|Year : 2021 | Volume
| Issue : 3 | Page : 275-278
Role of probiotics and synbiotics on inhibiting Streptococcus mutans level in saliva of children: A randomized controlled trial
Vinola Duraisamy1, PR Geethapriya2, C Bharath3, RS Niveditha4, J Baby John1
1 Department of Pediatric and Preventive Dentistry, Vinayaka Mission's Sankarachariyar Dental College, Vinayaka Mission's Research Foundation (Deemed to be University), Salem, Tamil Nadu, India
2 Department of Pediatric and Preventive Dentistry, KSR Institute of Dental Science and Research, Tiruchengode, Tamil Nadu, India
3 Department of Public Health Dentistry, Vinayaka Mission's Sankarachariyar Dental College, Vinayaka Mission's Research Foundation (Deemed to be University), Salem, Tamil Nadu, India
4 Department of Orthodontics and Dentofacial Orthopaedics, Vinayaka Mission's Sankarachariyar Dental College, Vinayaka Mission's Research Foundation (Deemed to be University), Salem, Tamil Nadu, India
|Date of Submission||26-Jul-2021|
|Date of Decision||22-Sep-2021|
|Date of Acceptance||22-Sep-2021|
|Date of Web Publication||22-Nov-2021|
Dr. Vinola Duraisamy
Department of Pediatric and Preventive Dentistry, Vinayaka Mission's Sankarachariyar Dental College, Vinayaka Mission's Research Foundation (Deemed to be University), Salem, Tamil Nadu
Source of Support: None, Conflict of Interest: None
| Abstract|| |
Background: Probiotics and synbiotics through its direct and indirect interactions interferes with biofilm formation, competes with oral microorganisms thereby creating better oral health. Aim: This study aims to assess the effectiveness of Probiotics and Synbiotics on inhibiting Streptococcus mutans level in saliva of children after 15 days of daily intake of probiotic and synbiotic curd. Methodology: A double-blind randomized controlled trial was planned. Salivary samples at baseline were collected from forty children in the age group of 6–12 years who were divided into two groups of 20 each to receive probiotic and synbiotic curd respectively for 15 days. Salivary samples were collected after intervention and S. mutans levels were estimated. Statistical Analysis: The collected data were analyzed using Statistical Package for Social Sciences (SPSS) version 22. Intra- and inter-group comparison of mean S. mutans levels for both the groups were done using the paired and unpaired t-test respectively. The statistical significance was set at P ≤ 0.05. Results: A statistically significant reduction in salivary S. mutans counts was observed in both the groups after 15 days (P < 0.001). A significantly higher inhibition of S. mutans growth was present in the probiotic compared to synbiotic group (P < 0.001). Conclusion: Probiotics and Synbiotics were effective in inhibiting salivary S. mutans level of children. However, inhibition of S. mutans growth was found to be better in children who consumed Probiotic curd than the Synbiotic curd.

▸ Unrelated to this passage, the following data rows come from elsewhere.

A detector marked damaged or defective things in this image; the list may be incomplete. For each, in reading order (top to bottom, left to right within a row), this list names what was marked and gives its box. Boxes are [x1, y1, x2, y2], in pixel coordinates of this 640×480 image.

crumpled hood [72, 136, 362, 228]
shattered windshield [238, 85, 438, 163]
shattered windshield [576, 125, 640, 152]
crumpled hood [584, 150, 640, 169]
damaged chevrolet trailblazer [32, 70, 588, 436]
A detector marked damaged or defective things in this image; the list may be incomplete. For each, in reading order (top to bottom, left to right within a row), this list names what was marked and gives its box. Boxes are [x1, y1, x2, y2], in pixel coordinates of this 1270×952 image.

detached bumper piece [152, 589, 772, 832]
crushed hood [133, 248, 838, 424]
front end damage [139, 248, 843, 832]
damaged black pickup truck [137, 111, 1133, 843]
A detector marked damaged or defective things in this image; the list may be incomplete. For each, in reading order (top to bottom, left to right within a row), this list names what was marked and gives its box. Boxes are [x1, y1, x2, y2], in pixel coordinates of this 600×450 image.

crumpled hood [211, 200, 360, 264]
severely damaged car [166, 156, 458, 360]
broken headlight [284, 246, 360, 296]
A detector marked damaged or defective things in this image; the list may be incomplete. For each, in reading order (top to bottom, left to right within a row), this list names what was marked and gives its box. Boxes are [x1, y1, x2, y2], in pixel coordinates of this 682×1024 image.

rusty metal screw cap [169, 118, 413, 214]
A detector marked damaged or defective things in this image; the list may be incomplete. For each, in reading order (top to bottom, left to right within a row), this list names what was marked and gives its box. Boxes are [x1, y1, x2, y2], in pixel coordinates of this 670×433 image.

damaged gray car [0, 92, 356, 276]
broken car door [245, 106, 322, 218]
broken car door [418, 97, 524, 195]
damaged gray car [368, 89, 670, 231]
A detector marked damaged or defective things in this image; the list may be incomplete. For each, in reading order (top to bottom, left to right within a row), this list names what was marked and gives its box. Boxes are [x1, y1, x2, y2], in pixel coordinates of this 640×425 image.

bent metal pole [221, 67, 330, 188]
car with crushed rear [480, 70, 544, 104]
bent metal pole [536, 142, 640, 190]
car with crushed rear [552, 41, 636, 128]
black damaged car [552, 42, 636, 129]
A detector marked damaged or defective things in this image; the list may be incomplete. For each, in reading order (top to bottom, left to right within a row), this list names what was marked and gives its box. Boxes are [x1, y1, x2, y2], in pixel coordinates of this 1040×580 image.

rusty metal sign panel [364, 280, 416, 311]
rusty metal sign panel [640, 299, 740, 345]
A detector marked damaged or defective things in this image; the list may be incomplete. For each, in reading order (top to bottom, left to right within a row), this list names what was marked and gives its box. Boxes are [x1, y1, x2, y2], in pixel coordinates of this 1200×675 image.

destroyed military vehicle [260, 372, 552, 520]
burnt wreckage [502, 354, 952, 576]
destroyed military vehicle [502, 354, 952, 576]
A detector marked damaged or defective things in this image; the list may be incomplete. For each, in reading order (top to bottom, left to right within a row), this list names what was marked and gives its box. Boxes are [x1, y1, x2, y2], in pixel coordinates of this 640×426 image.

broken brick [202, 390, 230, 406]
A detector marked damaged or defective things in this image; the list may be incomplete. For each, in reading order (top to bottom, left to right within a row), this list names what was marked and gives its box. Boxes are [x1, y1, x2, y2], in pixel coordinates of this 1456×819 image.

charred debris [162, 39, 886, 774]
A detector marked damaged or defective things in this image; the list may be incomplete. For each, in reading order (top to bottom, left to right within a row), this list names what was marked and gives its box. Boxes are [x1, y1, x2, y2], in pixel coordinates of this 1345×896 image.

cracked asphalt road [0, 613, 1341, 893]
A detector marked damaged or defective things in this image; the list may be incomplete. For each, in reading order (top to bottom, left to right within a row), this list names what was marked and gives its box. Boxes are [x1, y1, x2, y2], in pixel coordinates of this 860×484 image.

Keywords: Dental caries, probiotics, Streptococcus mutans, synbiotics
|How to cite this article:|
Duraisamy V, Geethapriya P R, Bharath C, Niveditha R S, John J B. Role of probiotics and synbiotics on inhibiting Streptococcus mutans level in saliva of children: A randomized controlled trial. J Indian Soc Pedod Prev Dent 2021;39:275-8
|How to cite this URL:|
Duraisamy V, Geethapriya P R, Bharath C, Niveditha R S, John J B. Role of probiotics and synbiotics on inhibiting Streptococcus mutans level in saliva of children: A randomized controlled trial. J Indian Soc Pedod Prev Dent [serial online] 2021 [cited 2022 Jan 21];39:275-8. Available from: https://www.jisppd.com/text.asp?2021/39/3/275/330706
| Introduction|| |
Dental caries can be defined as a localized chemical loss of tooth structure carried by the metabolic activity of dental biofilm that covers the tooth surface. Various factors such as bacterial colonization, saliva, fluoride exposure, consumption of dietary sugar influence the demineralization process and contribute to the development of dental caries. In this process, Streptococcus mutans is still recognized as a major contributor to active dental caries due to its ability to produce acids at faster rates than that of other microbiota and is commonly deposited in the hard tissues of the oral cavity. This results in bacterial adhesion, aggregation, and co-aggregation to colonize the oral cavity. Caries management strategies have traversed through various paths and recently it shows a paradigm shift toward preventive approach. Therapeutic antibiotics have relatively broad spectrum anti-microbial activity and they destroy both commensals as well as potentially destructive bacteria thereby creating an imbalance within the microflora. Alternate methods to selectively inhibit the oral pathogens can be achieved by the use of probiotics and synbiotics.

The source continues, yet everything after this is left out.